PROBLEM TO WORK ON - Leave the images aside and output every entry exactly.

RAW DATA -
• • • • • • •

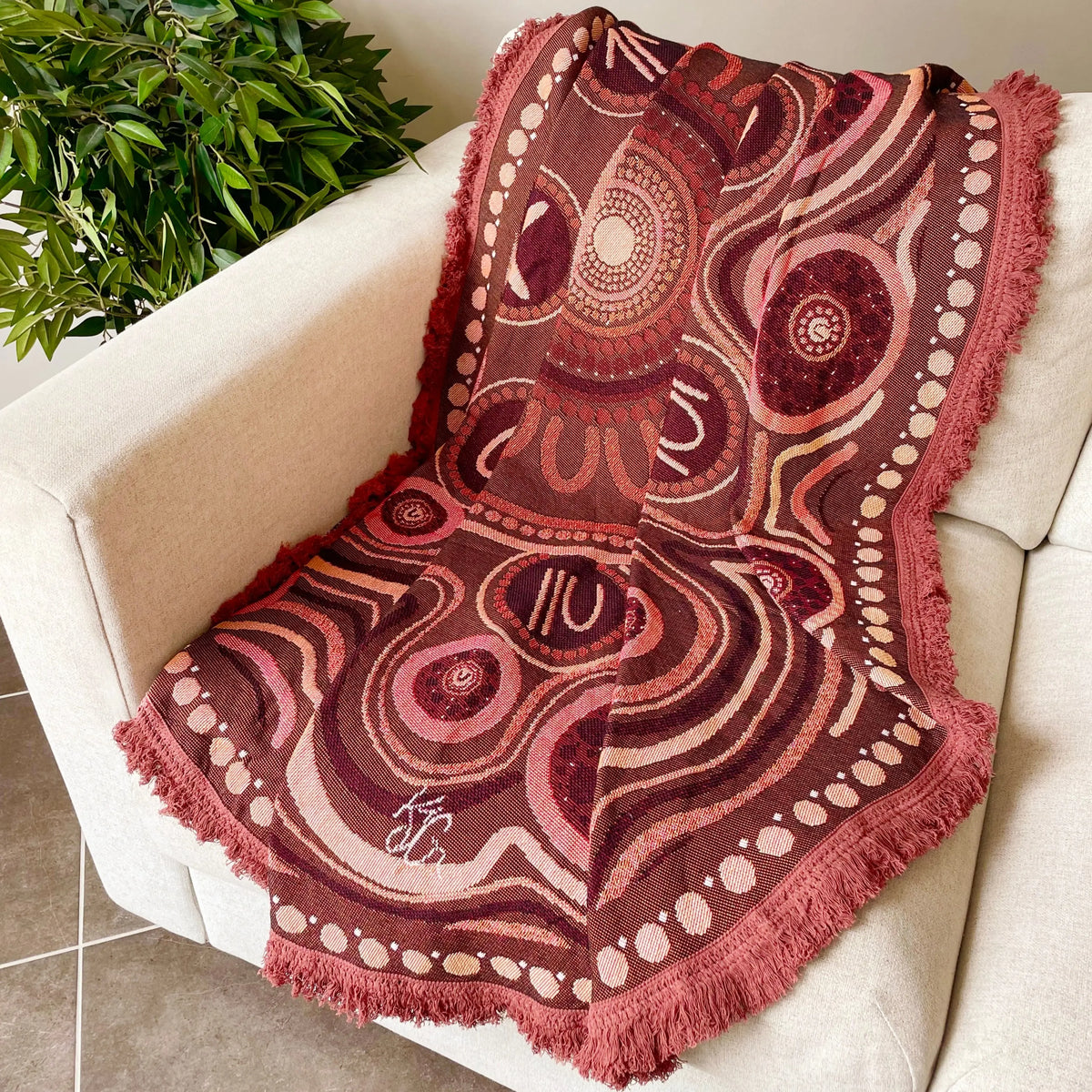 Yarning Circle Cotton Throw draped in reading corner — Aboriginal art cotton throw for classroom library and reading spaces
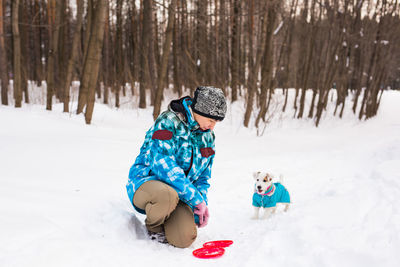 People playing on snow covered land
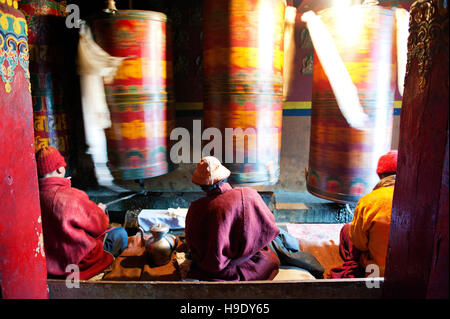 Moines au monastère de Tawang grand spin roues de prière tout en chantant des prières bouddhistes dans la vallée de Tawang à distance, de l'Inde. Banque D'Images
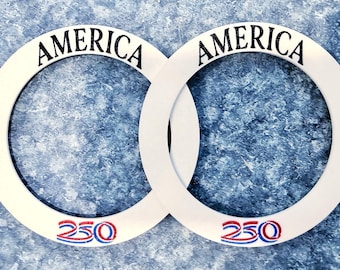 May include: Two white interlocking circular frames with the word "AMERICA" in black script at the top of each. The number "250" is printed in red, white, and blue at the bottom of each frame. The background is a textured blue surface.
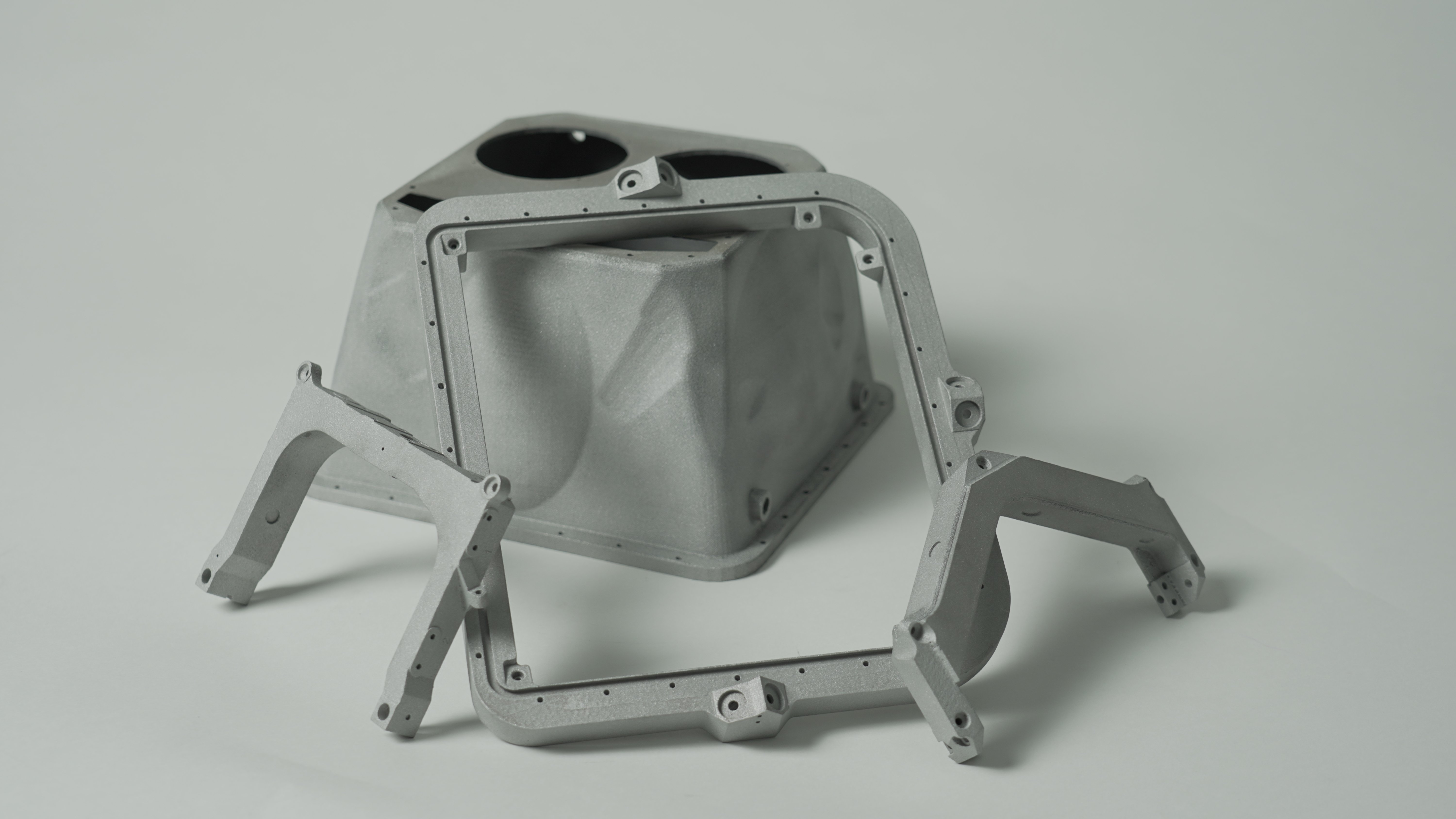 Thin-walled titanium PIXL instrument housing and supports displayed together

• • • • • • •

EXERCISE ANSWER -
 Yarning Circle Cotton Throw draped in reading corner — Aboriginal art cotton throw for classroom library and reading spaces
 People playing on snow covered land
 Moines au monastère de Tawang grand spin roues de prière tout en chantant des prières bouddhistes dans la vallée de Tawang à distance, de l'Inde. Banque D'Images
 May include: Two white interlocking circular frames with the word "AMERICA" in black script at the top of each. The number "250" is printed in red, white, and blue at the bottom of each frame. The background is a textured blue surface.
 Thin-walled titanium PIXL instrument housing and supports displayed together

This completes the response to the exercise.